Half an hour later I’m unpacking in a hygienic bungalow on the edge of town. As I close the gilt-embossed door of the white melamine wardrobe and sit down on the polyester and fibreglass duvet cover, I can gaze out through the double-glazed UPVC windows at the untamed mountainside beyond. Smack in front of it a technicolour plastic leprechaun stands by a tiny Renaissance-style fountain on a crazy-paved patio. The casual brush of bare foot against the maroon, yellow, black, green and orange swirls of the brushed nylon shagpile generates a bracing burst of static, and sparks leap from my forehead.

I am not the first to observe that the landscape of rural Ireland has been badly defaced these last thirty years by the slapdash construction of suburban housing in places where there are no suburbs. On mountainsides, cliff-tops and riversides, by secluded loughs, ancient bogs and neolithic monuments, the Invasion of the Killer Bungalows has swept all before it. Strict planning regulations are now rumoured to be in force, but the faux-Spanish haciendas, neo-Kelloggs dream homes, and mini-Southforks are already here. At times it can seem that the booming Celtic Tiger economy must be driven entirely by the manufacture of net curtains and plastic Doric columns.

But before sneering at Irish bad taste, smug outsiders who live in twee English villages, like me, should bear in mind that the bungalow blight is simply the logical outcome of Ireland’s history of poverty; a poverty for which English landlords living across the sea in their carefully preserved villages must shoulder their fair share of the blame. Ireland simply does not possess the picturesque old housing stock that’s to be found in England and France, because for many centuries, and until very recently, this was a desperately poor country. Those houses were never built. The census of 1842, for example, records that eighty-four per cent of the population of the Beara Peninsula at that time were living in one-room mud huts. Visitors like Thackeray, though used to the deprivation of Victorian London, were staggered by the poverty and squalor they witnessed.

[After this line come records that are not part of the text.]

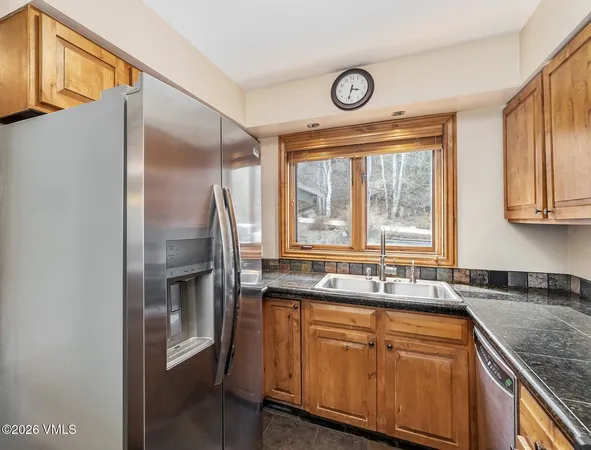 a kitchen with stainless steel appliances granite countertop a sink and a refrigerator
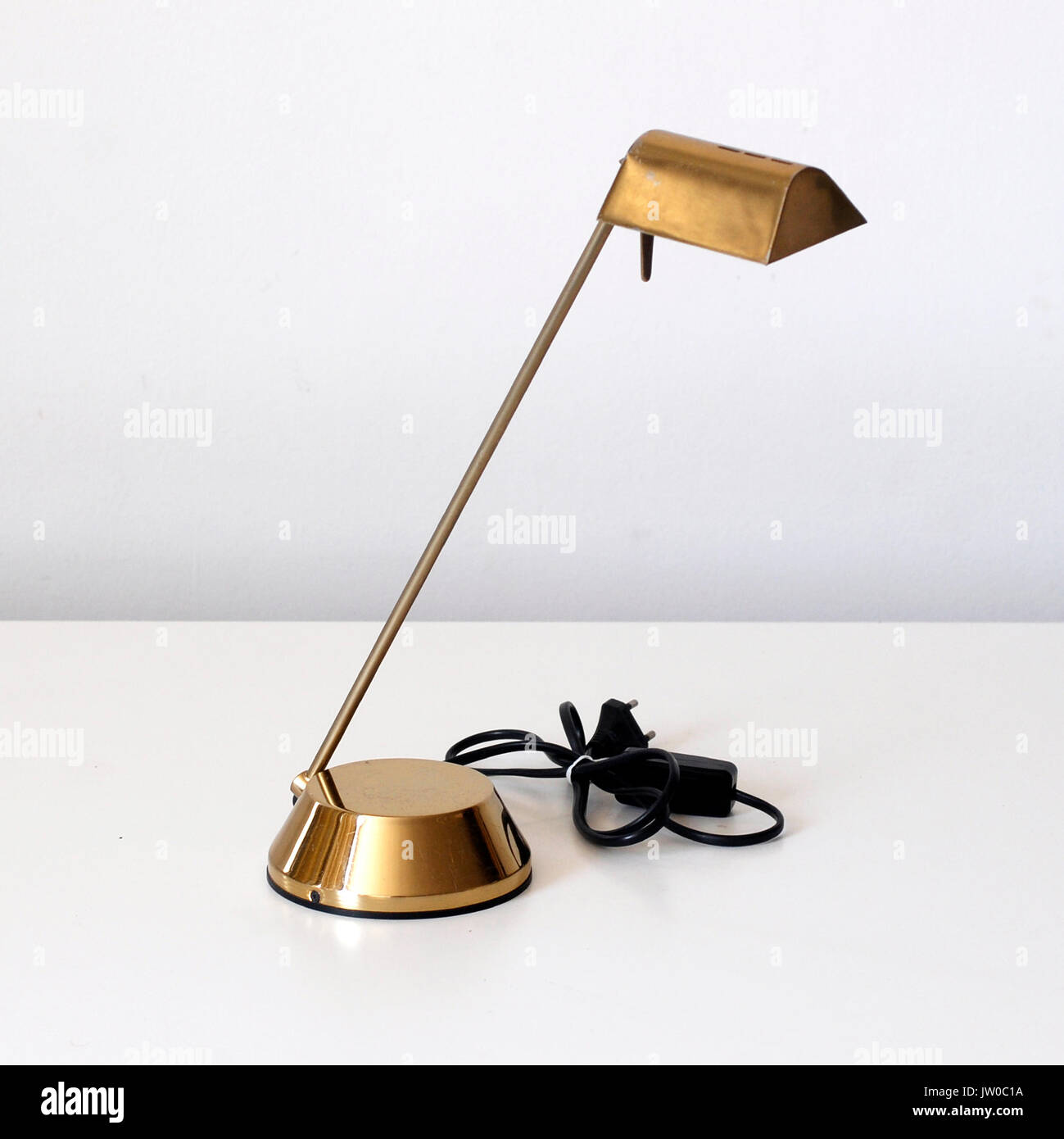 Vintage desk lamp. made by golden color metal. Brand Fase, Made in Spain.  Icon Stock Photo - Alamy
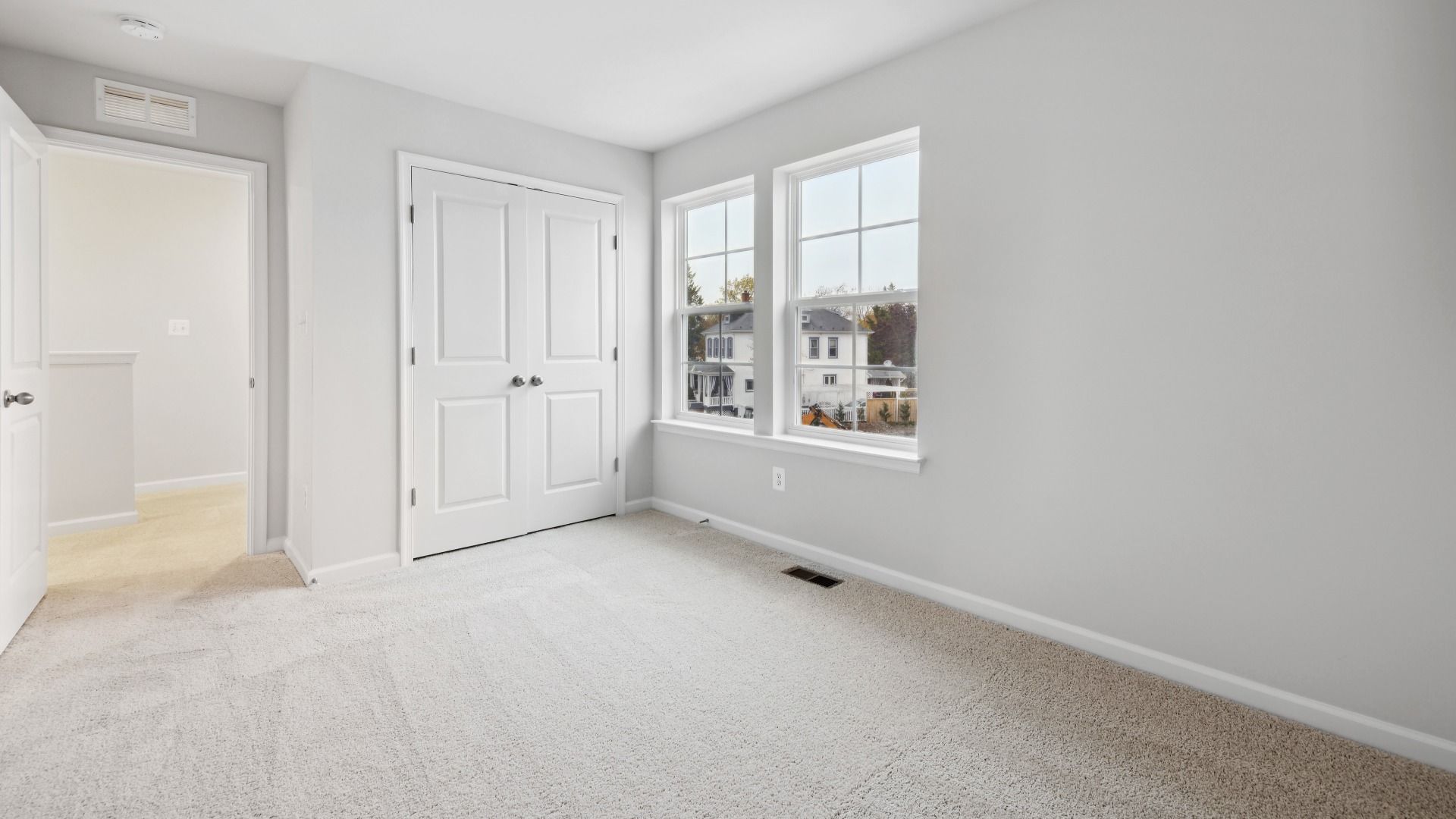 Spacious Secondary Bedroom with Carpet in the Whitehall at The Village of College Park by DRB Homes.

The self-confident synthetic consumerism of the new houses is a response to this history of deprivation. ‘Look,’ the bungalows are saying, ‘we’re not peasants any more. We buy things now, rather than digging them up. We’ve been sitting on bare wooden benches for centuries, but we’ve got Dralon sofas now, just like you.’ So people whose parents made do with bare concrete floors are now mad for fitted carpets, preferably in epilepsy-inducing designs. Grandchildren of turf cutters who never saw an indoor toilet can’t wait to install turf-effect gas fires and en-suite avocado bidets. Often you’ll see an inappropriate-looking new house built right next to the ruin it’s replaced. ‘We were that,’ it’s saying, ‘but now we’re this.’ It’s a very Irish paradox that modem houses and bungalows can speak so eloquently of the nation’s past.

When I arrived here Mrs O’Sullivan greeted me in textbook style.

‘Where are ye from? Are ye working or on holiday? Are ye married? Do ye have children? Why aren’t they with ye? What work is it ye do, clearing off and leaving them behind? Will ye be wanting mass times? Half eight all right for breakfast?’

Then she let me in.

She showed me round, making sure to point out the carefully concealed switch and red light without which, bitter experience has taught me, showers in B&Bs just get colder and colder, even with the dial all the way up to red. Then she, her husband and two kids set off in a people carrier with a fish symbol on the back for half six mass, Saturday night mass now fulfilling the once inflexible Sunday obligation.

‘Crazy, really, isn’t it?’ said Mrs O’Sullivan. ‘But I suppose it’s good for the supermarkets and golf clubs. Sure, I expect soon we’ll be able to go to Sunday mass Monday to Friday as well. Will you be late?’

‘I shouldn’t think so, no.’

After all, I don’t know a soul. I’m taking Wibberley out in my pocket for company.

‘I’ll make some sandwiches, so. They’ll be there whenever you come in.’

On the wall in the hallway, where the previous generation would have venerated the Pope and JFK, is a photo of Manchester United, who seem to be more popular in County Cork than they are in Manchester. Pausing for a moment by the front door to admire the traditional Celtic craftsmanship on the glow-in-the-dark Virgin Mary holy water font with integral night light and thermometer, I step outside into dazzling sunshine and heavy drizzle, and set out to walk to MacCarthy’s.

On the main street, lots of swarthy, tough-looking men, heavily stubbled and tattooed, and that’s just their heads, are prowling round in groups. As I’m wondering what gay package tourists from Brighton and San Francisco are doing in Castletownbere, I notice they’re speaking Spanish and Portuguese, and are probably fishermen ashore for the night. Round here, they’ve been arguing about monkfish quotas with the Spanish for at least 500 years.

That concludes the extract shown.